There are many reasons why dead stock accumulates. Here are four.
Changes in the Demand
Rapid changes in demand can leave you with a lot of unsold items. For example, products with high seasonal demand can become obsolete when the season ends. For clothing and shoes, dead stocks are often items that are no longer in season or have gone out of fashion. These products are less in demand because of new trends.
Economic variations also contribute to changing consumer demand. Economic downturns, recessions and unexpected events, such as war, natural disasters or political instability, can have a significant impact on people’s spending habits. These upheavals lead to a reduction in demand for certain products.
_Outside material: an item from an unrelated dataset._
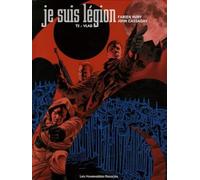 Je suis légion T02 John Cassaday (Auteur), Fabien Nury (Auteur)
For example, due to the current inflation, customers have continued to spend on restaurants and travel, but have significantly reduced their purchases in retail stores. However, there are products that remain particularly popular during inflation.
Demand may also change due to ever-changing customer preferences. Rapid changes in consumer preferences can make products obsolete and unwanted, leading to lower sales.
Technological changes make some products obsolete. If products undergo significant changes or improvements, older versions are less desirable. Old products therefore become dead stock.
Bad Inventory Management or Poor Marketing
The accumulation of dead stock can be caused by inaccurate inventory tracking, lack of real-time data or a poor inventory control system. Ordering excessive quantities of products without accurately forecasting demand can also result in excess inventory that eventually becomes dead stock.
Ordering too many products without first having an idea of the quantity you will sell is indeed an excellent way to accumulate dead stock and increase storage costs. However, miscalculations are also harmful. Mistakes in demand forecasting occur when inventory is not tracked properly, with the right tools.
Ineffective marketing strategies or poor brand positioning also lead to a slowdown in sales and contribute to dead stock. Even high-quality, low-price products are left unsold if marketing and sales efforts are not sufficient, thoughtful and tailored to the target audience. Advertisements that do not reach the target audience, a poor web experience or low awareness of the products and of your store mean that the most sought-after products sometimes stay too long in the warehouse or on the shelves.
Also, difficulties with suppliers, such as delays, quality issues or sudden price changes disrupt the supply chain and also contribute to dead stock.
Short Product Lifespan
Perishable products or products with a limited shelf life may become dead stock if they are not sold before reaching their expiration date. Expired products cannot be sold to customers. They have to be thrown away, causing the retailer to lose money.